## EXERCISE REQUIREMENTS
Since the copy must hold text only, transcribe the data below exactly and omit the images.

## SUPPLIED INFORMATION
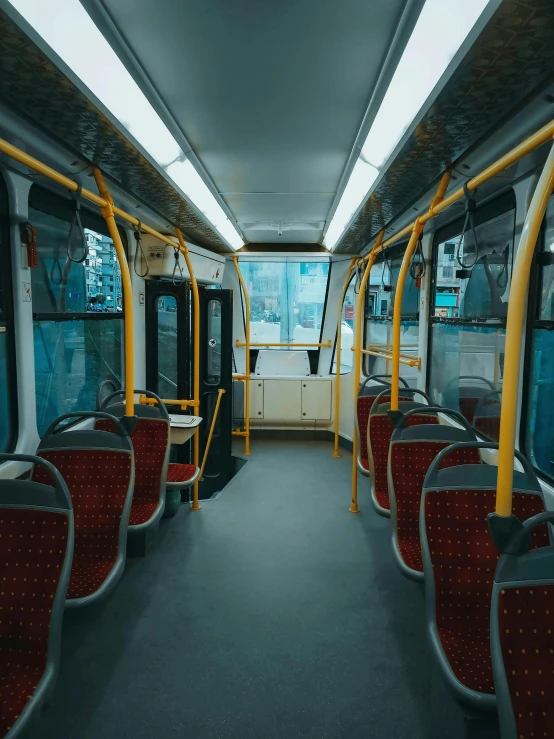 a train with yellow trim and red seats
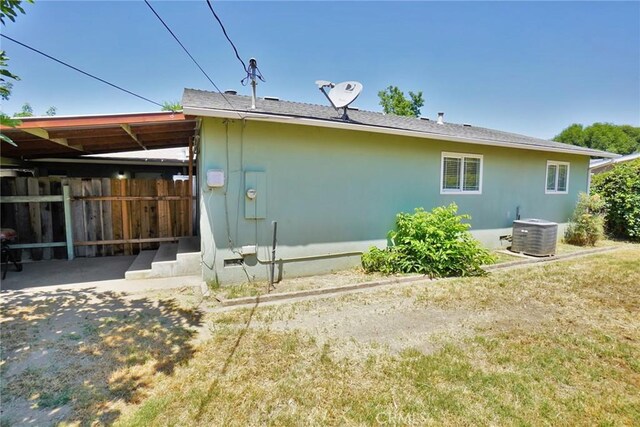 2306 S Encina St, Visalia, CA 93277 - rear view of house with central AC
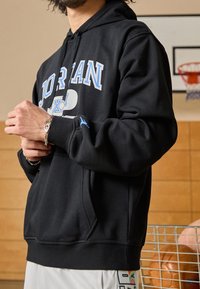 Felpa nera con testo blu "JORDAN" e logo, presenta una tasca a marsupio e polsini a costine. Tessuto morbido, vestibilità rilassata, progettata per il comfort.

## TASK OUTPUT
 a train with yellow trim and red seats
 2306 S Encina St, Visalia, CA 93277 - rear view of house with central AC
 Felpa nera con testo blu "JORDAN" e logo, presenta una tasca a marsupio e polsini a costine. Tessuto morbido, vestibilità rilassata, progettata per il comfort.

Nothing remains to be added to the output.